**Material for this exercise**

╔══

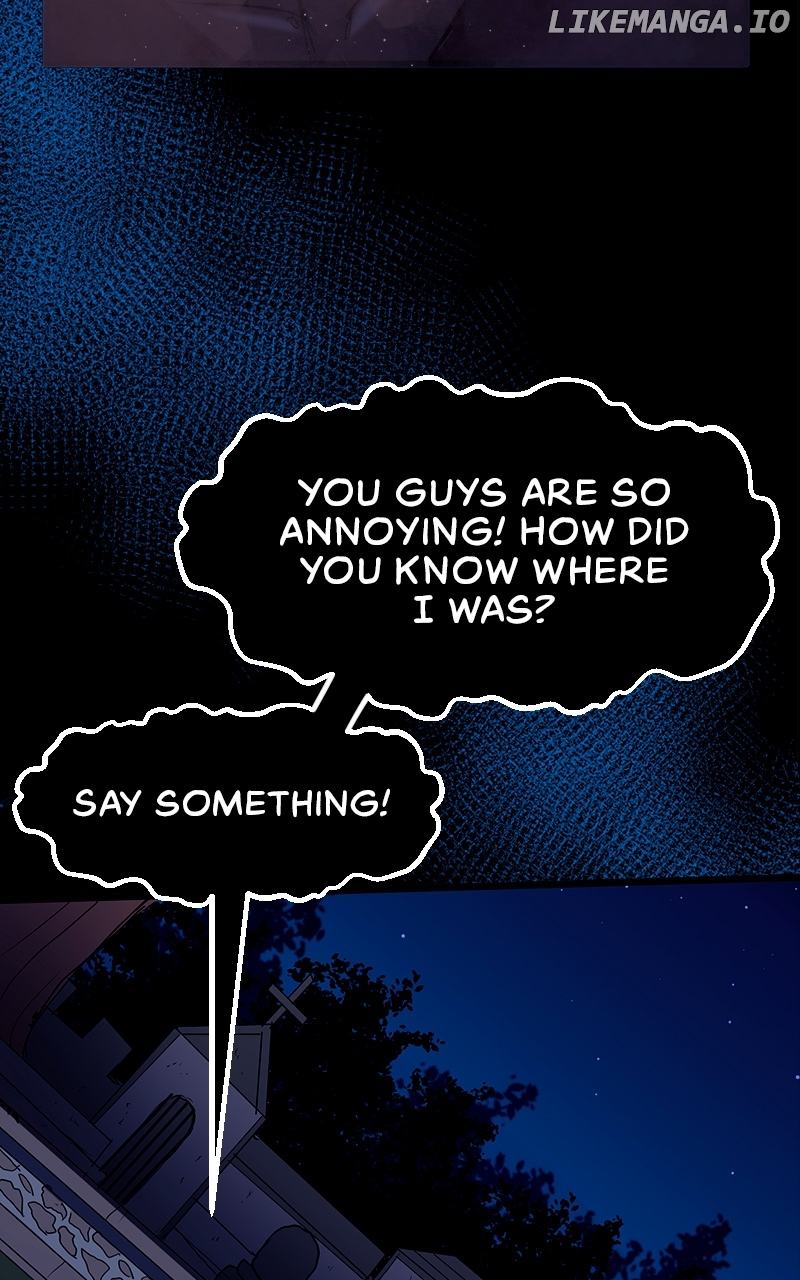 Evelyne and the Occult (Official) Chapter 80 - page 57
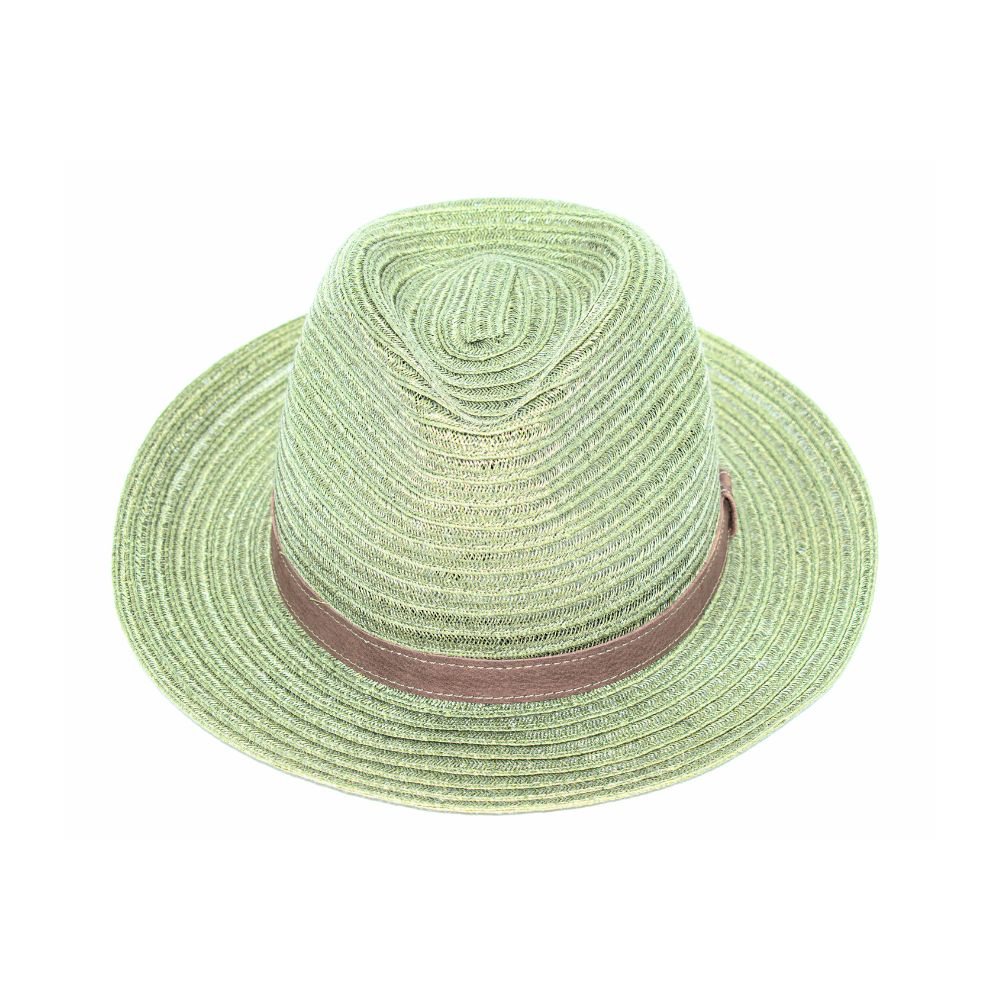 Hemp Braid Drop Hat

╚══
╔══

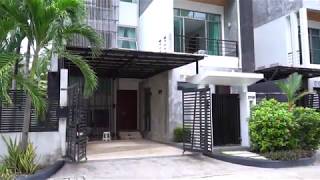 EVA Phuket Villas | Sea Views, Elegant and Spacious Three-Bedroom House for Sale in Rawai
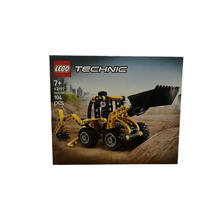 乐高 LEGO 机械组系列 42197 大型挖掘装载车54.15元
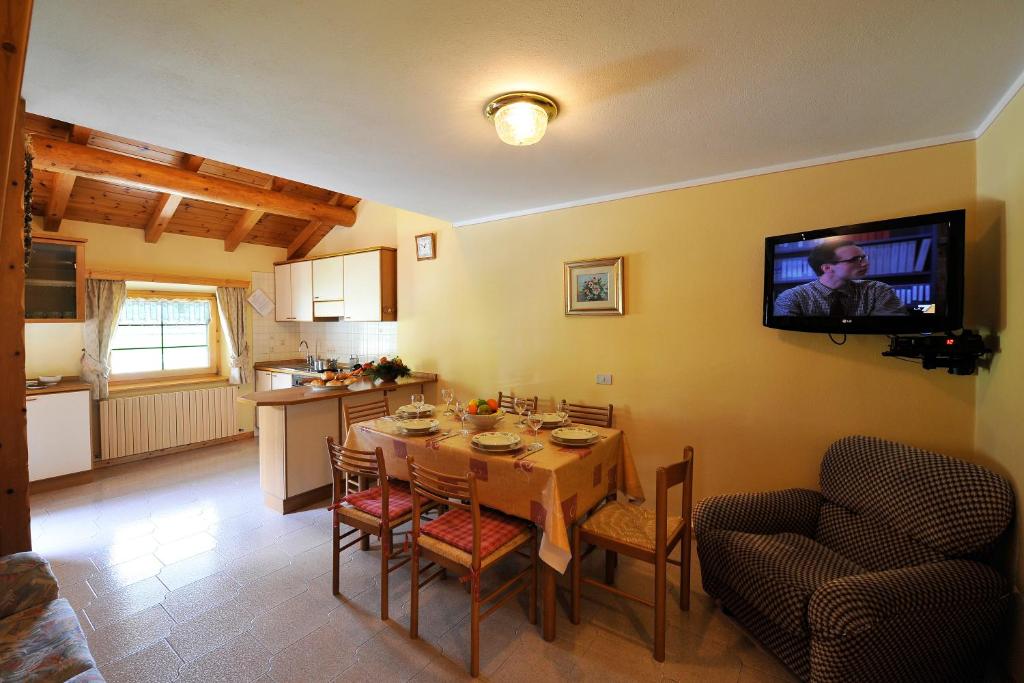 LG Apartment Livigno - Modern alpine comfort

╚══

**Task objective**
Each line above that falls between the line with "Evelyne and the" and the line with "Hemp Braid Drop Hat" should be printed exactly, together with those two lines, but the pictures should not.

**Answer box**
 Evelyne and the Occult (Official) Chapter 80 - page 57
 Hemp Braid Drop Hat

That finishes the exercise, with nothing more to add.